Emile Durkheim - Juicios de valor

La grabación, resguardada por la Biblioteca nacional de Francia, apenas cuenta con una duración de dos minutos treinta y siete segundos aunque, por supuesto, su valor documental resulta bastante significativo viniendo de uno de los intelectuales que cambiaron sistemáticamente la forma de pensar la cuestión social.

A continuación se reproduce la versión castellana del fragmento sonoro de Juicios de valor extraída del libro Sociología y filosofía (Editorial Comares, 2006).


(Descarga directa del archivo)

Juicios de valor y juicios de realidad (fragmento)

Por otra parte, si el valor de las cosas se midiera verdaderamente según el grado de su utilidad social (o individual), el sistema de los valores humanos debería ser revisado y cambiada de arriba abajo, pues el lugar que en él tienen los valores de lujo sería, desde ese punto de vista, incomprensible e injustificable.

Por definición, en efecto, todo aquello que es superfluo o es inútil, o es, al menos, menos útil que cuanto es necesario. Lo supernumerario puede faltar sin afectar gravemente el desenvolvimiento de las funciones vitales. En una palabra: los valores de lujo son dispendiosos por naturaleza, es decir, cuestan más que los beneficios que aportan.

Se explica, pues, que se encuentren doctrinarios que miren tales valores de lujo con mirada desafiante y que se esfuercen por reducirlos a una porción congrua.

Pero no se trata, en verdad, que tales valores tengan un precio más elevado a la vista de los hombres.

Así, el arte todo es cosa de lujo; la actividad estética no se subordina a ningún fin utilitario, sino que se manifiesta por el solo placer de la expresión misma, del mismo modo que la especulación pura, es decir, el pensamiento libre de todo propósito mercenario, desenvolviéndose por el placer de desarrollarse. ¿Quién puede discutir, no obstante, que la humanidad ha colocado en todos los tiempos los valores artísticos y especulativos por encima de los valores económicos?

Tal como la vida intelectual, la vida moral tiene también su estética, que le es propia.

En efecto, las virtudes más altas consisten en el cumplimiento regular y estricto de los actos más inmediatamente necesarios para el buen orden social, sino que están formadas por movimientos libres y espontáneos, sacrificios que nadie exige y que, en ocasiones, son aun contrarios a los preceptos de una prudente economía.

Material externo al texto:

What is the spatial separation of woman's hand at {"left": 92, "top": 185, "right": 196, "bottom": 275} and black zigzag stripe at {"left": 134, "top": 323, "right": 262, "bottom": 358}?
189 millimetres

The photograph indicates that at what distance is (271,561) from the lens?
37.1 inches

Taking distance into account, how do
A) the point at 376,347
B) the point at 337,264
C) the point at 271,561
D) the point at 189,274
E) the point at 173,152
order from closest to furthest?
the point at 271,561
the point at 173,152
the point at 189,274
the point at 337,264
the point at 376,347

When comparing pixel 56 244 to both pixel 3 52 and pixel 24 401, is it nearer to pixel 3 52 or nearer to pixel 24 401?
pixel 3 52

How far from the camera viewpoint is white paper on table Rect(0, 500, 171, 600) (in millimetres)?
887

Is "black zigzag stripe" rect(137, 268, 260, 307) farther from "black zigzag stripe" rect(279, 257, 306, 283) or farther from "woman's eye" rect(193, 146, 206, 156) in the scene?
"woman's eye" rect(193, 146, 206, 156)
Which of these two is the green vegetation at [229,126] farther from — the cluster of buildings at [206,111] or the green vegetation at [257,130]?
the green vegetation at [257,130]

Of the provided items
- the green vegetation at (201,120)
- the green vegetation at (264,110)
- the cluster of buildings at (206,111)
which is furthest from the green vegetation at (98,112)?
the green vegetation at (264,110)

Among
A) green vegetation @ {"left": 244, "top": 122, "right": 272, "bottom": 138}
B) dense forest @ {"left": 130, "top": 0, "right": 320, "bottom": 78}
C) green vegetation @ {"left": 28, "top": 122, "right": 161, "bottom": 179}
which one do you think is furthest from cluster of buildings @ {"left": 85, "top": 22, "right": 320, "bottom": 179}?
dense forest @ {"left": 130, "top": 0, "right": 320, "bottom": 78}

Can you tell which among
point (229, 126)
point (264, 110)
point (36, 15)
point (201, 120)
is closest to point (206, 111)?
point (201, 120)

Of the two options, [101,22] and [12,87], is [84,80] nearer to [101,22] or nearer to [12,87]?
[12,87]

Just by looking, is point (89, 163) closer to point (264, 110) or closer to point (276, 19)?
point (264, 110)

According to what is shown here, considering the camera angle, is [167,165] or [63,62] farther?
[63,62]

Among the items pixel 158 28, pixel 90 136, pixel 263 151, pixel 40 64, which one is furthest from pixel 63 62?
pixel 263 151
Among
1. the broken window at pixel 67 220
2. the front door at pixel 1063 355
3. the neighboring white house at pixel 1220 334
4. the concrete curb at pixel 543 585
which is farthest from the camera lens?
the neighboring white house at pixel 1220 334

Así, hay virtudes que son locuras, y es precisamente esa locura lo que hace su grandeza.

Spencer ha podido demostrar que la filantropía es a menudo contraria al interés bien entendido de la sociedad; pero su demostración no impedirá a los hombres seguir colocando bien alto en su estimación la virtud que él condena.

La misma vida económica no se ciñe estrictamente a la regla de la economía. Si bien las cosas de lujo son aquellas que cuestan más caras, no ocurre así tan sólo porque, como sucede en general, sean las más raras, ni impide que cosas comunes sean las más estimadas.

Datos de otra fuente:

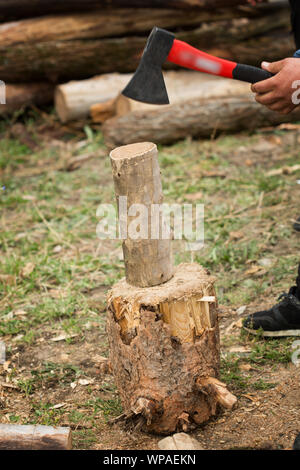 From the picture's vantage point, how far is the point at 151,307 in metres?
2.33

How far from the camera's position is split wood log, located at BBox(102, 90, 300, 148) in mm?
5848

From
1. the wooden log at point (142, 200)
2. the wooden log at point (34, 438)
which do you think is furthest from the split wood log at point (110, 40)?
the wooden log at point (34, 438)

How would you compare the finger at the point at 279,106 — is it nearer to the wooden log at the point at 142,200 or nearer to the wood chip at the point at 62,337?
the wooden log at the point at 142,200

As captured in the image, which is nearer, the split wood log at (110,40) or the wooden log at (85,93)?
the split wood log at (110,40)

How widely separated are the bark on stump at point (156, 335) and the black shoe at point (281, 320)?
0.66 metres

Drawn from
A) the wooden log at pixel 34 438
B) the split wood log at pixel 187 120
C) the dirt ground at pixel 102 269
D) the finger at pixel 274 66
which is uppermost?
the finger at pixel 274 66

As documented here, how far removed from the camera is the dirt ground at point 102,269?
2564 mm

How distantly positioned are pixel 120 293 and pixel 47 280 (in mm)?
1598

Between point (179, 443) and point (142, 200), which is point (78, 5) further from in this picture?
point (179, 443)

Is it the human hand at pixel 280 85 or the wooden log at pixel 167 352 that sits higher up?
the human hand at pixel 280 85

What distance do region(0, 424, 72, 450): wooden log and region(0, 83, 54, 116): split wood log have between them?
5.46m

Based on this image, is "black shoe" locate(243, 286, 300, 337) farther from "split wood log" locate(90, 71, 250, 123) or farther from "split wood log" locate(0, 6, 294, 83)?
"split wood log" locate(0, 6, 294, 83)

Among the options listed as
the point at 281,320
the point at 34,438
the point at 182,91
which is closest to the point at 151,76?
the point at 281,320

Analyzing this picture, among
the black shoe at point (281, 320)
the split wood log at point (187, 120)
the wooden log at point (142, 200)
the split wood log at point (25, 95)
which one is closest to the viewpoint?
the wooden log at point (142, 200)
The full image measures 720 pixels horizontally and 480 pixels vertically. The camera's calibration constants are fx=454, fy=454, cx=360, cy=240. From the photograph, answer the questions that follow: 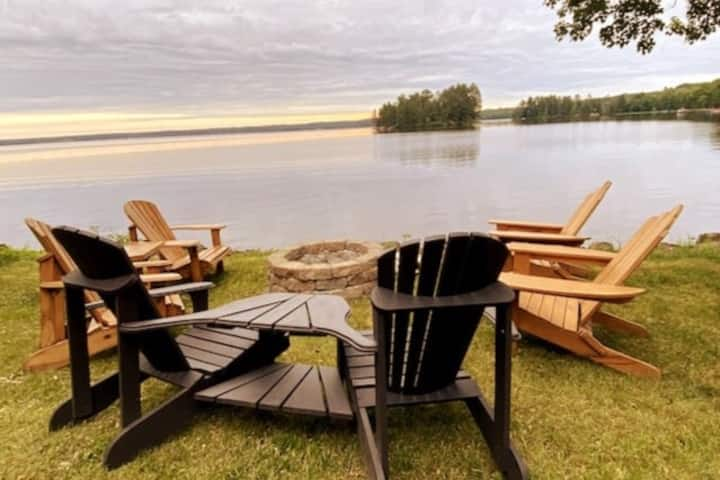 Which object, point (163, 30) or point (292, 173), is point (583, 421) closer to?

Es que la vida, tal como la han concebido los hombres de todos los tiempos, no consiste simplemente en establecer el presupuesto del organismo individual o social, con el objeto de responder con el menor gasto posible a las excitaciones llegadas de afuera, o sea, proporcionar adecuadamente los recursos para las reparaciones necesarias. Vivir es ante todo influir, influir sin límites, por el placer de influir. Y si ciertamente la vida no ha de ir, en ciertos casos, más allá de la economía, es entonces menester acumular para poder gastar y, en tales casos, son los gastos el fin de todo, es decir, que la administración es la acción.

(Traducción de José María Bolaño (hijo). Revisión a cargo de José Luis Monereo Pérez)

Esta joya sonora fue un hallazgo de Marion Fourcade difundida después en el blog de Kieran Healy.